According to a report published in today's Wall Street Journal, Bixby has not been a good student when it comes to learning the English language. Apparently, Samsung's AI personal assistant is failing grammar and is also having problems with syntax. This means that Bixby is having difficulties creating sentences in English. The problem, as far as Samsung is concerned, is that competing assistants like Google Assistant and Siri have no problem turning out a snappy sentence in English when called on to do so.

The Journal's report says that it won't be before late June at the earliest before Bixby is launched in the U.S., a month later than the May launch that Sammy was originally aiming for. The delay in launching Bixby could affect sales of the recently released Samsung Galaxy S8 and Samsung Galaxy S8+ in the U.S., even though market research firm Ovum says that only 9% of smartphone users access their personal assistant on a regular basis. And only 50% of consumers have an interest in digital assistants like Bixby, Siri, Cortana and Google Assistant.

Still, the Samsung Galaxy S8 is on its way to topping the sales generated last year by the Samsung Galaxy S7. The latter became the highest grossing smartphone in Samsung's history. The company obviously does not want a problem with Bixby to prevent a new sales record from being set.

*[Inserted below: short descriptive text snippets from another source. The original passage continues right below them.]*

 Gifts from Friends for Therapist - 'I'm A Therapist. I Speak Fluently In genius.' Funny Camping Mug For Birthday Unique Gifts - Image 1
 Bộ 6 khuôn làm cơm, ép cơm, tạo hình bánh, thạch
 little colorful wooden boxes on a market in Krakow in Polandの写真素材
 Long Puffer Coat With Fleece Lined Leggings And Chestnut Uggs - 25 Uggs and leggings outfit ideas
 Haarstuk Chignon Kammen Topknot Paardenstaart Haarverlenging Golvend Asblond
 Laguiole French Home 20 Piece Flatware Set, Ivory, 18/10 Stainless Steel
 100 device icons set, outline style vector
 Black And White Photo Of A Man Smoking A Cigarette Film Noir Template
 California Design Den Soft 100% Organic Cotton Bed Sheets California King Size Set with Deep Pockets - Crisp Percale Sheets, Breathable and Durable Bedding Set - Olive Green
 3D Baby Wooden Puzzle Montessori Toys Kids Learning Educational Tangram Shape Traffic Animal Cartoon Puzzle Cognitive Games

Ovum says that there are 3.5 billion active devices that have a native AI assistant on board. By 2021, the company expects that figure to reach 7.5 billion active devices. That would be more than the entire world population for that year, based on computations by the U.S. Census Bureau. Google Assistant is projected to have a leading 23% market share of the market for AI assistants by 2021, followed by Bixby's 15%. Siri will be third with 13%, followed by Alexa's 4%. But this is all a pipe dream for Bixby unless Samsung straightens out the current problem the personal AI assistant is having with the English language.